Monday, when we got home, as usual, we had about 15 loads of laundry...that is obvi an exaggeration since we're only 2 people.

Anyways, it was time to start tackling the beast.  The first load of laundry dried for 70 minutes, that is correct, OVER an hour, and the dryer wasn't even warm and the clothes were SOAKED.

"I think we have a problem."  Not something anyone wants to say or hear on the day you get home from a great weekend but all you want is to sit on the couch all day and watch TV.

So what did we do?  Like the true lazy people we sometimes are, we opened the dryer door and left it for the next day.

Come Tuesday, Eric tries to run the dryer again, with no luck.

Tuesday evening, swap dryers.  When we moved into our house we already had a washer and dryer, but there was a set left there and already hooked up, so we decided to use what was there until it died and then we'd just have a backup.

Easy-peasy.  Unplug the old, move it 5 feet, move the new one over and just hook that puppy up.

In the words of my brother WRONG-O DONG-O.  Can't fit a 4-pronged plug into a 3-pronged hole.

I would have given up, gone to the hardware store the next day, purchased a new outlet and proceeded from there.  Not my husband though.  He has spent 2 summers now working with a friend of his who is a painter by trade but really a Jason-of-all-trades.  So Eric decides, "I know how to fix this", and proceeds to remove the plate covering the electrical wires and unscrewing the power cords.

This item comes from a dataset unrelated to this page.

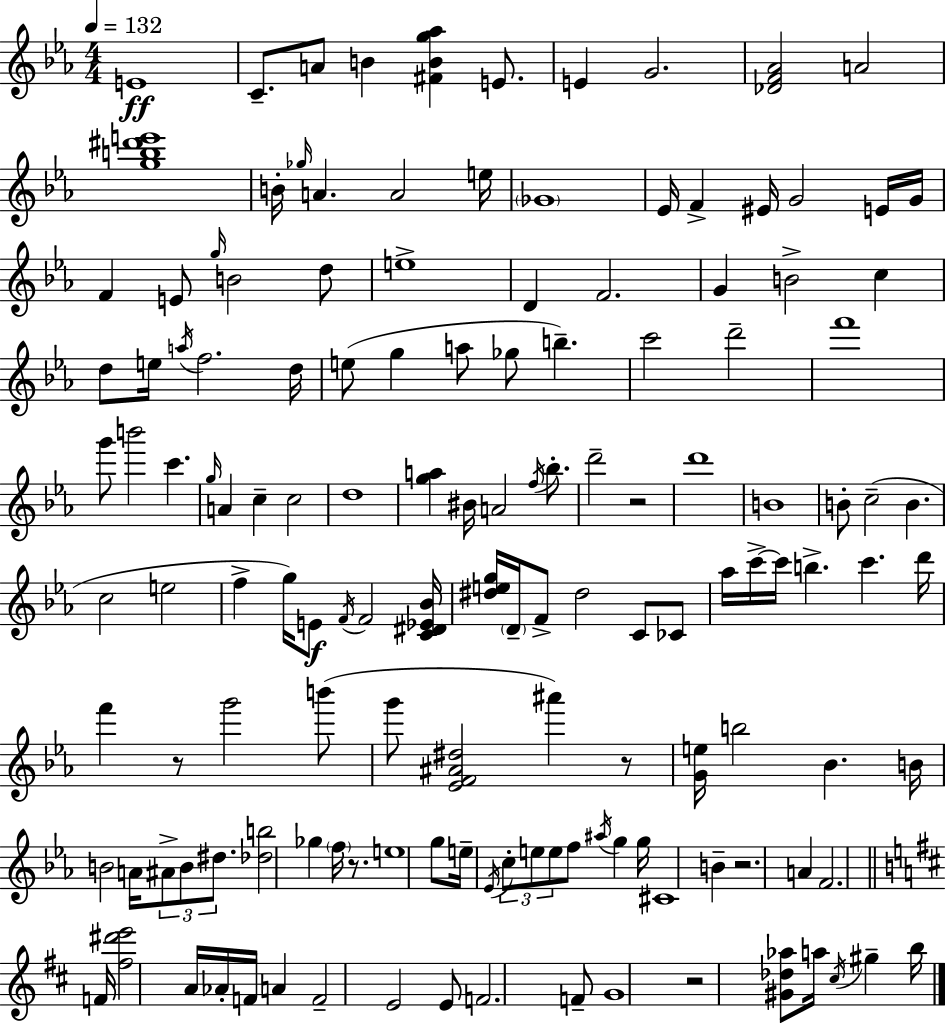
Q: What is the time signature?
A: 4/4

He's going to just swap them out.  I'm thinking "this is going nowhere".

Much to my surprise (sorry for doubting you my dear), about 35 min later the new dryer was in place, running like a dream and it was HOT!  YAY!!!
Who knew you could even do such a thing?!?!?

So Eric gets the award for being more valuable than I gave him credit for, and I award myself with the Best Assistant a Handyman Could Ever Have medal.  Yes, that's right folks, I sat on the basement floor the entire time, watching and saying "are you sure this is safe", "are you positive we won't burn our house down", and contributed no actual help.